Important: automatic encoding detection is inherently probabilistic. A high confidence score does NOT guarantee correctness. For critical pipelines, always prefer explicit encoding metadata over detection.

Parameters:
  • data (bytes) –

    Raw byte sequence to analyze.

Returns:
  • tuple[str, float]

    Tuple of (encoding_name, confidence) where confidence is 0.0–1.0.

Raises:
  • TranslitError

    If the byte sequence cannot be analyzed.

Examples:

>>> enc, conf = detect_encoding(b"Hello World")
>>> enc
'UTF-8'
from translit import detect_encoding

enc, confidence = detect_encoding(b"Hello World")
# enc = "UTF-8", confidence ≈ 1.0

# Windows-1252 encoded text
enc, confidence = detect_encoding("café".encode("windows-1252"))
# enc = "windows-1252", confidence ≈ 0.87

Warning

Automatic encoding detection is inherently probabilistic. A high confidence score does not guarantee correctness.

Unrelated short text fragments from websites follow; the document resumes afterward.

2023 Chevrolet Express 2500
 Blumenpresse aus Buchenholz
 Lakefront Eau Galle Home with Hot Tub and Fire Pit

For critical pipelines, always prefer explicit encoding metadata (HTTP headers, BOM, schema definitions) over detection.


decode_to_utf8

decode_to_utf8

decode_to_utf8(data: bytes, encoding: str | None = None, *, min_confidence: float = 0.0) -> tuple[str, bool]

Decode a byte sequence to UTF-8.

Returns (decoded_text, had_errors) where had_errors is True if any characters were replaced during decoding (lossy conversion).

If encoding is None, auto-detects the encoding using the chardetng algorithm. Use min_confidence to require a minimum detection quality and avoid silently decoding with a low-confidence guess.

Supports all WHATWG encodings (UTF-8, windows-1252, ISO-8859-1, Shift_JIS, EUC-JP, EUC-KR, Big5, GB18030, etc.).

Parameters:
  • data (bytes) –

    Raw byte sequence to decode.

  • encoding (str | None, default: None ) –

    Encoding name (e.g. "windows-1252"). None to auto-detect.

  • min_confidence (float, default: 0.0 ) –

    Minimum acceptable detection confidence (0.0–1.0) when auto-detecting. Raises TranslitError if the detected confidence is below this threshold. Has no effect when encoding is provided explicitly. Defaults to 0.0 (accept any guess).

Returns:
  • str

    Tuple of (decoded_text, had_errors) where had_errors is True if

  • bool

    any characters were replaced during lossy conversion.

Raises:
  • TranslitError

    If the encoding name is unknown, decoding fails, or auto-detection confidence is below min_confidence.

Examples:

>>> text, had_errors = decode_to_utf8(b"caf\xe9", "windows-1252")
>>> text
'café'
>>> had_errors
False
from translit import decode_to_utf8

# Explicit encoding
text, had_errors = decode_to_utf8(b"caf\xe9", "windows-1252")
# text = "café", had_errors = False

# Auto-detection
text, had_errors = decode_to_utf8(raw_bytes)

# Require high confidence for auto-detection
text, had_errors = decode_to_utf8(raw_bytes, min_confidence=0.8)
# Raises TranslitError if detected confidence < 0.8

Supports all WHATWG encodings: UTF-8, windows-1252, ISO-8859-1, Shift_JIS, EUC-JP, EUC-KR, Big5, GB18030, and more.